■ Data shown:
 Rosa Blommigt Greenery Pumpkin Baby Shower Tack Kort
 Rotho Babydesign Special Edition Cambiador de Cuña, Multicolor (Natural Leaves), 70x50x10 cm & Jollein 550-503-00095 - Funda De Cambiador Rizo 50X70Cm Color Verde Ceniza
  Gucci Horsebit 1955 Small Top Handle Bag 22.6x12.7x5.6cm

■ Your instructions: Your reply should be the material above, repeated word for word.

■ Output for this task:
 Rosa Blommigt Greenery Pumpkin Baby Shower Tack Kort
 Rotho Babydesign Special Edition Cambiador de Cuña, Multicolor (Natural Leaves), 70x50x10 cm & Jollein 550-503-00095 - Funda De Cambiador Rizo 50X70Cm Color Verde Ceniza
  Gucci Horsebit 1955 Small Top Handle Bag 22.6x12.7x5.6cm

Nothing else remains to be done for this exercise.